It is always helpful to try and see yourself through someone else’s eyes. So it’s worthwhile to read a British journalist’s account of attending an LDS Sunday meeting (a monthly testimony meeting, not the usual weekly sacrament meeting) at the Hyde Park Ward in London. It appears to be one in a series of similar visits to various denominations. The tone is balanced, although the journalist doesn’t try very hard to hide his general disdain for religion. That’s okay — I don’t try very hard to hide my general disdain for journalists.
Anyway, here are a few things the reporter noticed during his visit (quotations in italics) with my comments.
- The chapel is bright, modern and completely unadorned. … There’s a marked low-church sensibility. Yes, it’s easy to forget how “completely unadorned” LDS chapels are until you visit a few other churches in your neighborhood.
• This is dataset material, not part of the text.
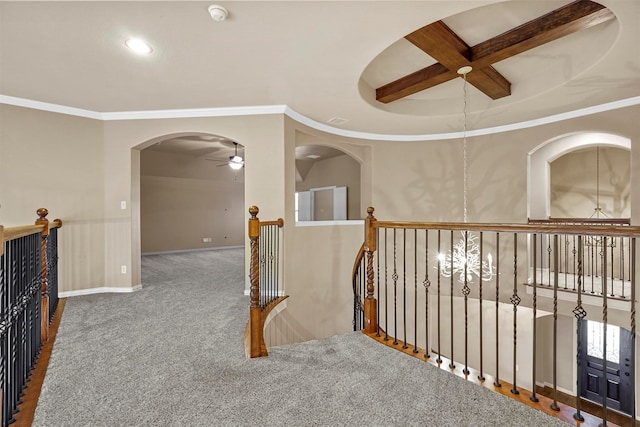 hallway featuring carpet, ornamental molding, and coffered ceiling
- The bishop and priests, in suits, greet many of the congregation personally as they walk to take their places at the front. I have visited a variety of other denominations (in the US) and the pastors generally greet congregants before the meeting and visit with them after the meeting. So I’m guessing this sense of surprise that Mormons weren’t cold and aloof reflects British expectations about how church officials are “supposed” to act.
- The service kicks off with the opening hymn, “Because I have been given much”. It’s a typical ploddy, churchy tune, and for a moment this could be any Christian service – except that, oddly, we don’t stand up to sing. Yeah, typically people sing “churchy tunes” in church. It’s church, not the pub or a football match.
I can think of a couple of distinctive features of LDS meetings that might be added to the list. The three-hour block. The Sunday meeting marathon certainly deserves comment (the reporter apparently did not choose to stay for Sunday School and priesthood meeting). And I for one am proud of LDS parking lots, ample free parking being one of the few aspects of the American Dream that is not threatened by the present economic crisis.
Anything else visitors (or regular attendees) find distinctive about LDS meetings or chpaels?